Franziska Müller steht am Flughafenschalter um für ihren Flug nach Kapstadt einzuchecken. Vor ihr stellt ein etwas adipöser Herr, den sie auf 180 kg schätzt, seinen Koffer auf die Waage. Mit 20 kg erhält er reibungslos sein Ticket mit dem Gepäckabschnitt, und geht schnaufend zum Gate. Franziska hofft ihrerseits, dass ihr Gepäck nicht zu schwer ist. Und tatsächlich, es wiegt 25 kg. Damit ist ein Aufpreis fällig, der etwa 1% des Erste-Klasse-Tickets pro Kilo Übergewicht entspricht. Franziska ist außer sich. „Ich wiege 65 kg, mein Koffer wiegt 25 kg, macht zusammen 90 kg. Der Herr vor mir bringt sogar ohne Koffer mindestens das Doppelte auf die Waage! Das ist doch nicht gerecht!“

Es kam noch schlimmer. Franziska bekam einen Mittelsitz. Rechts neben ihr der gewichtige Fluggast vom Schalter, links neben ihr eine Dame, deren Hautfalten ebenfalls über die Armlehne quollen. Franziska war eingeklemmt. Mit hochgezogenen Schultern und nach vorne gestreckten Armen ließ sie sich von geschätzten 300 kg Lebendgewicht von zwei Seiten anwärmen. Vergeblich versuchte sie einen Mitleid heischenden Augenkontakt mit den vorbeihuschenden Flugbegleitern herzustellen, ohne Erfolg. Sie kämpft ihre aufsteigende Panik nieder. Nach dem Start stand sie auf, um ihre eingepferchten Glieder wieder in ihre ursprüngliche Lage zu bringen. Wie sie wieder zurückkam, waren die Armlehnen hochgeklappt und ihr Sitz war belegt von den beiden übergewichtigen Menschen. Die Blicke, die sie von den beiden erhielt, waren geradezu vorwurfsvoll.

Franziska verstand die Welt nicht mehr: Wegen lächerlichen 5 kg Übergepäck hatte sie mehr gezahlt als diese beiden Passagiere, deren Zusatzgewicht die Airline bestimmt 800 Dollar zusätzlich an Kerosin kosten würde.
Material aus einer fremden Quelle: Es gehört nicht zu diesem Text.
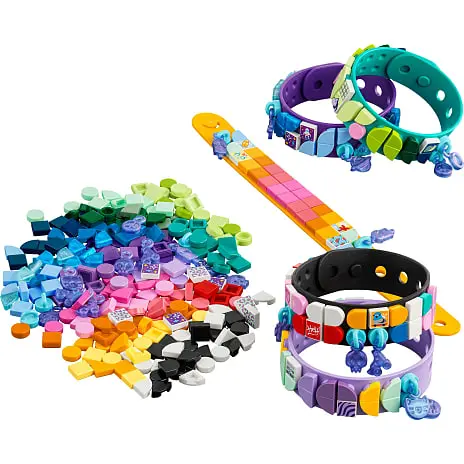 LEGO DOTS 41807 Armbåndsdesigner Megapakke 5 LEGO DOTS 41807 Armbåndsdesigner Megapakke - Billede 3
Warum gibt es an Flughäfen keine kombinierte Personen- und Gepäckwaagen, wo der Passagier mit seinem gesamten Lebendgewicht plus Gepäck und Wintermänteln gewogen wird? Man könnte dann den Zielflughafen und die Beförderungsklasse eingegeben, möglichst auch noch die gewünschte oder benötigte Sitzbreite, und der Computer berechnet einen gerechten, verbrauchsabhängigen Reisepreis. Es wäre eben nicht diskriminierend, wie so oft argumentiert wird. Denn so wie es jetzt gehandhabt wird, reisen in unserer – warum auch immer – zunehmend zur Adipositas neigenden Gesellschaft immer mehr Dicke auf Kosten der Normalgewichtigen, deren Reisekomfort sie obendrein auch noch einschränken.

Air Samoa im Südpazifik macht es uns vor: Die Airline verlangt seit Ende 2012 Ticketpreise abhängig vom Körpergewicht der Passagiere. Denn Samoa hat laut WHO weltweit einen der höchsten Anteile von Fettleibigen in der Bevölkerung. In Deutschland diskutieren wir über Toilettengebühren in Flugzeugen. In Japan werden Passagiere gebeten, ihr Münzgeld noch im Flughafen zu verbrauchen, damit das Gesamtgewicht der Münzen in den Hosentaschen der Passagiere nicht mehr Kerosin verbraucht als notwendig. Korean Airlines bietet seinen Australien-Passagieren an, die Wintermäntel im Flughafen Incheon für 14 Tage kostenlos einzulagern um Gewicht zu sparen. Nur an den gewichtsabhängigen Ticketpreis traut sich bei den etablierten Airlines noch niemand heran. Es wäre der Gesundheit und der Reisekasse des Einzelnen sicher nicht abträglich, ein paar Kilo abzutrainieren und nebenbei auch noch ein paar Geldscheine beim Reisepreis einzusparen. Auf jeder Reise.

von Andreas Fecker

2 Antworten zu “LUFTPOST 26: Übergewicht”

  1. Michael König sagt:

    Dieses Thema ist sicherlich eine Diskussion wert. Bekanntlich hat jedoch jede Medaille 2 Seiten. Wären die 2 übergewichtigen Personen 2 kraftstrotzende Bodybuilder mit einem Körperfettanteil von unter 10% und dennoch jeweils über 115 Kg schwer wäre möglicherweise die Dame dahingeschmolzen und wir Leser um einen Artikel ärmer.

  2. Wahrscheinlich hätte der Artikel dann seinen Weg in ein ganz anderes Forum gefunden! Oh du Fröhliche!